I still go back to last game and point out that the problem isn't MagLoire, it is who Nate has him teamed up with in the half court. When he and Zbo are in the game at the same time, they cause space problems on offense. This is also the exact reason I expect Aldridge to get playing time as soon as he is back, he can hit the outside jumper that Magloire can not, which will free up the team spacing better.


----------



## hasoos (Jan 3, 2003)

mgb said:


> Too much losing both Webster and Roy.


Yep, and better get used to it, young players don't get any slack from the refs in this league. With big minutes, I fully expect a lot of DQ's this season as they learn the ropes and how the different refs call the game.


----------



## Yega1979 (Mar 22, 2003)

Take out Dan Dickau, and we shot 55% as a team.


----------



## 2k (Dec 30, 2005)

TheBlueDoggy said:


> Just barely after everyone fouled out. I bet Nate was considering suiting up himself instead of putting Dixon in but I'm guessing that wouldn't go over too well with the refs...


Whats up with not playing Dixon? I would rather see him off the bench then Dickau. Dixon was able to shoot a decent percentage with less talent around him last year he should be better this year if he gets some minns.


----------



## Yega1979 (Mar 22, 2003)

hasoos said:


> In case you haven't been paying attention to current events, the Blazers still are not short on point guards. Right now the Blazers have 3 PG who are as good as Blake if not better, and 2 who have a huge amount more upside.
> 
> I still go back to last game and point out that the problem isn't MagLoire, it is who Nate has him teamed up with in the half court. When he and Zbo are in the game at the same time, they cause space problems on offense. This is also the exact reason I expect Aldridge to get playing time as soon as he is back, he can hit the outside jumper that Magloire can not, which will free up the team spacing better.



Uhh, we're not short on big-men either. Steve Blake is clearly better than Dickau and Rodriguez. And why do people talk about Blake as though he's a veteran? He's only been in the league 3 years, and has room to improve as well.


----------



## hasoos (Jan 3, 2003)

Yega1979 said:


> Uhh, we're not short on big-men either. Steve Blake is clearly better than Dickau and Rodriguez.

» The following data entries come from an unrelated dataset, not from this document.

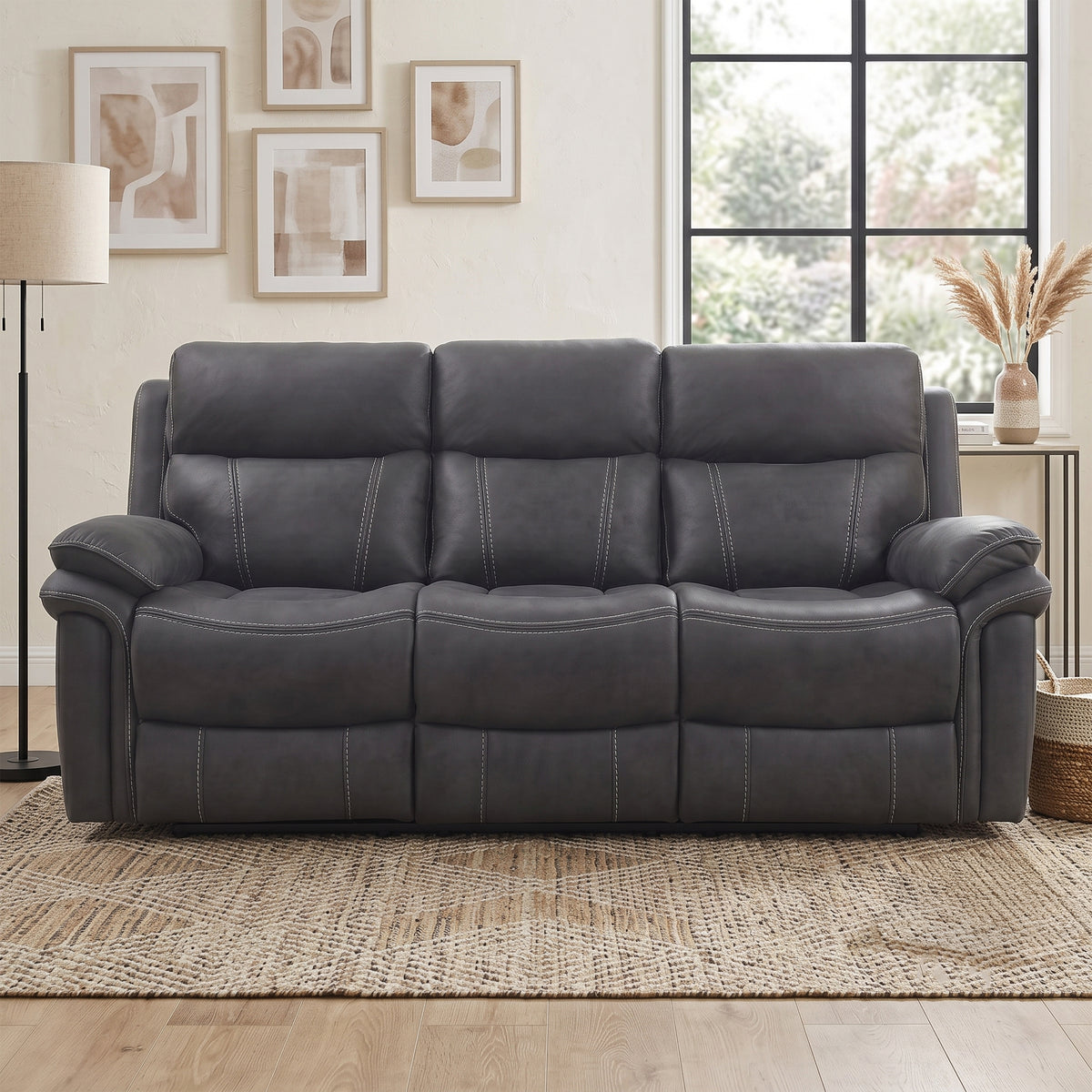 Richmond electric 3 seater sofa in Charcoal Leather Air, living room view 2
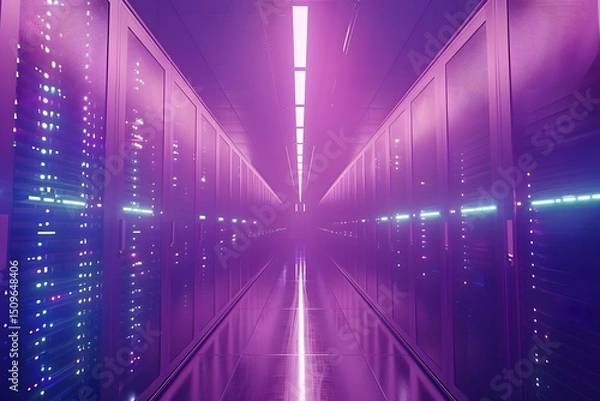 Obraz Modern server room with rows of data servers and blinking LED lights, showcasing advanced data center infrastructure and network technology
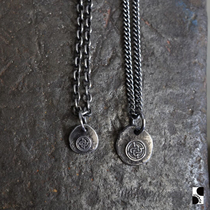 =silvarie=HEMLOCK Japanese craftsman handmade old retro vulcanized black silver lightning logo silver medal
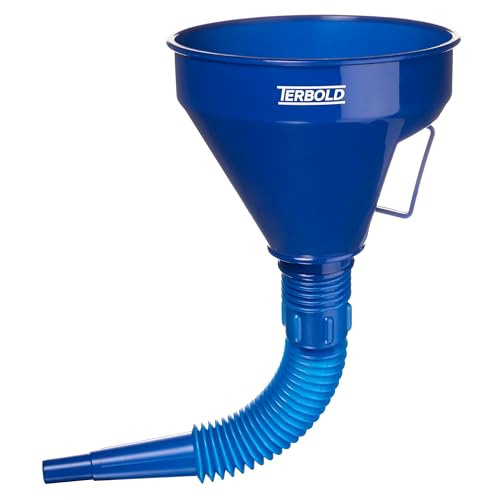 Automotive Flex Funnel with Hose | Wide Mouth Flexible Oil Funnel for Automotive Use - Gas, Transmission Fluid, Car Fuel, Oil Change (Blue) - color: Blue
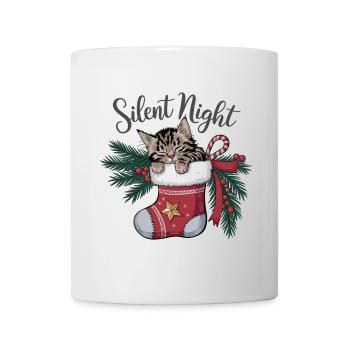 Stille Nacht – Kätzchen im Weihnachtsstrumpf - Tasse - Weiß - Vorne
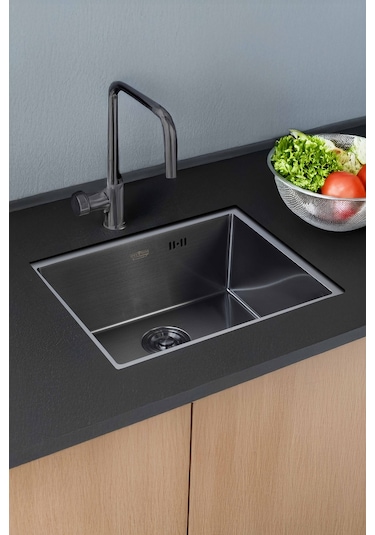 Dysnox Luna Serisi %100 Krom 60 x 45 CM Paslanmaz Mutfak Eviye Sifon Dahil Siyah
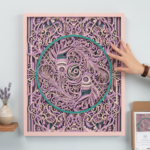 Layered Ornamental Peacock Wall Art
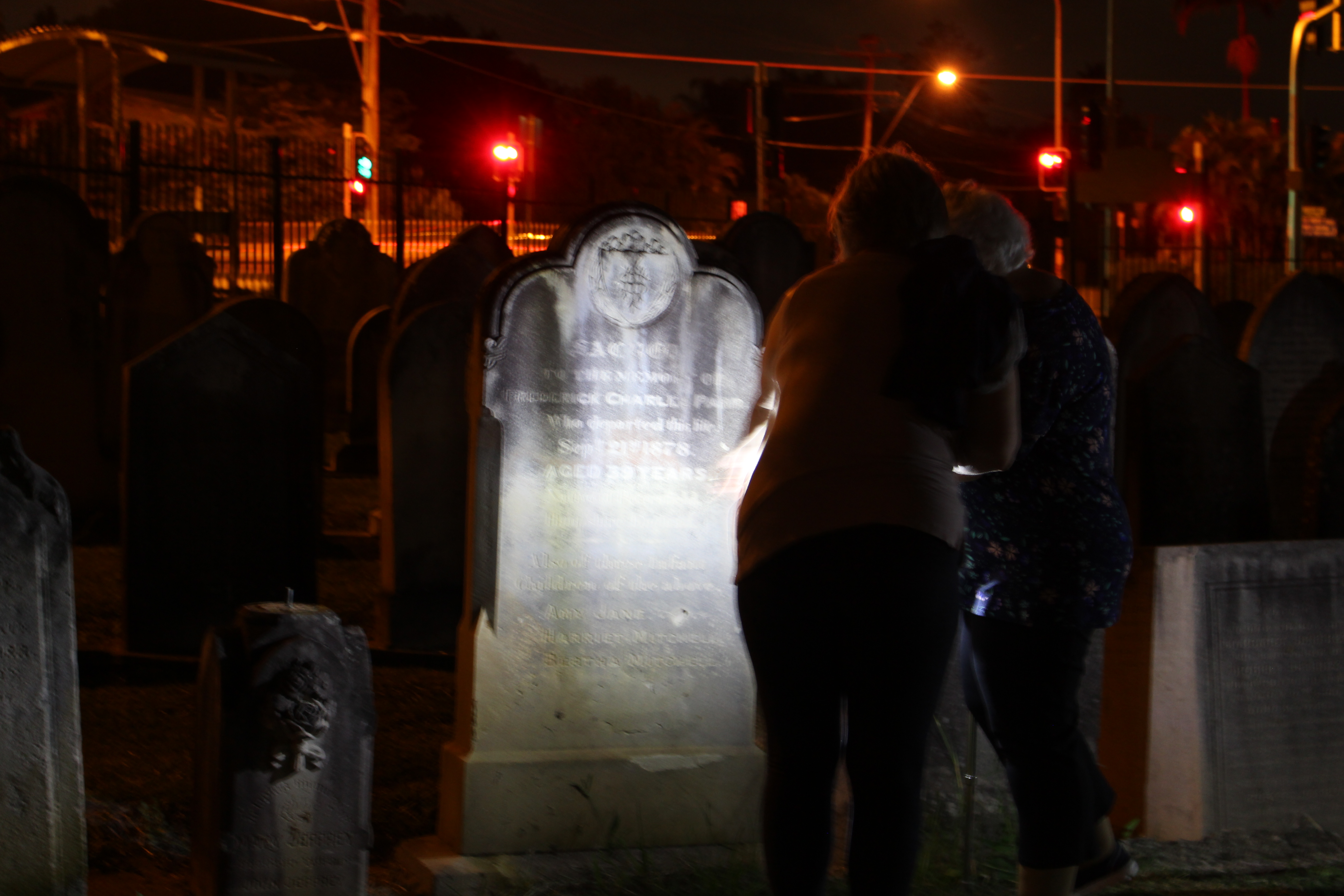 Ipswich Cemetery at night Ipswich Cemetery at night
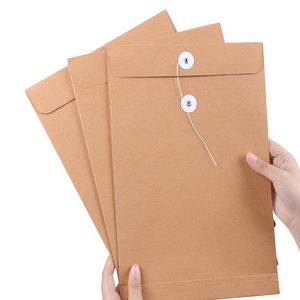 150pcs/lote de papel Kraft A4 Saco de documentos A4 Pasta Envelope para armazenamento de escritório por atacado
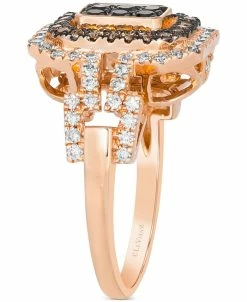 Le Vian Multicolor Diamond Rectangular Halo Cluster Ring (1 Ct. T.w.) In 14k Rose Gold -rings shop 20348975 fpx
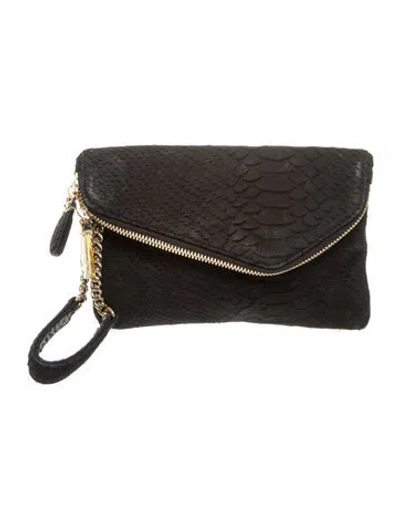 Pre-owned Henri Bendel Suede Clutch In Black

And why do people talk about Blake as though he's a veteran? He's only been in the league 3 years, and has room to improve as well.



Clearly Aye?

I think if you compare their stats, they are quite even. Also I believe when Dickau left last time he had a good season as a starter, that Blake has never equaled in his career. Rodriguez will clear any debate on this subject in the near future. :clown: Lets put it this way, after a mere 2 games I know he will leave his mark on this franchise as a fun player to watch.


----------



## Dan (Dec 30, 2002)

Yega1979 said:


> Uhh, we're not short on big-men either. Steve Blake is clearly better than Dickau and Rodriguez. And why do people talk about Blake as though he's a veteran? He's only been in the league 3 years, and has room to improve as well.


I don't know if I'd say he's "Clearly" better. So far his stats this year haven't exactly been great (although, neither has Dickau or Serg's...but after 2 pre-season games and a few regular season games, I think most of us were ready to dump Stevo). 

Steve has room to improve, much in the same way Dickau does. Just not a lot.


----------



## wastro (Dec 19, 2004)

Just got back from the game.

Yeah, they lost, but good lord has this team improved over last season. There were some defensive lapses, but I don't know if last year's squad comes back from 19 points down and then another double-digit 4th quarter deficit.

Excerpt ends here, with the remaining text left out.